December 8, 2019
Dear Caretakers of the Gospel,
John the Baptist’s voice cries out in high pitch in today’s gospel, Matthew 3:1-12. He shrieks across the desert and across our hearts to get our attention. He wants us to focus on his cousin, Jesus. In the desert he knows who the Messiah is and he desires that we all understand who he is as well. He points, yells, and stands firm that the one whom we all wait for is Jesus. The sand of the desert becomes firm ground on which to make his claim. The voice of the prophet Isaiah echoes in the heart of John and is heard even today in our hearts and lives.

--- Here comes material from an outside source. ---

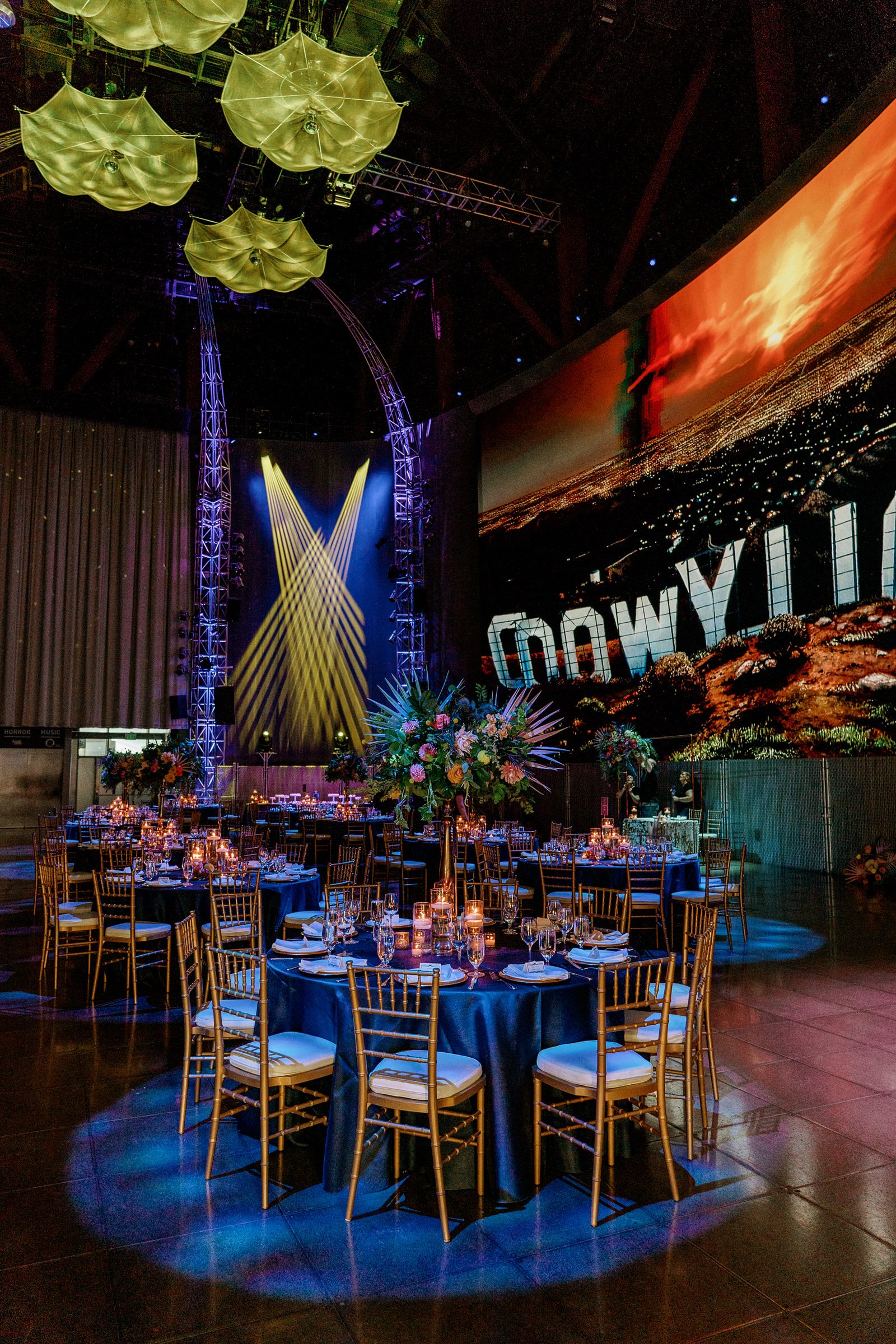 MoPoP Seattle weddings: Ally and Stephen's La-La Land Themed Wedding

John the Baptist in this Second Sunday of Advent struggles to get our attention. With his locust breath, he shouts out that salvation is not just about a prim and proper piety. Salvation for us is also not just a private or individualized faith. Salvation is a radical understanding that repentance is the way in which we will all become followers of the Messiah. John invigorates our search for the Christ in every nation and time. Justice becomes a home in which the Messiah will be made known.
John’s conviction echoes across our generations. His finger points to Christ and his heart knows that we must give up our apathy, intolerance, injustice and put our lives on the line to receive the Word-Made-Flesh. John baptizes with water, but Jesus will baptize with the Holy Spirit and water.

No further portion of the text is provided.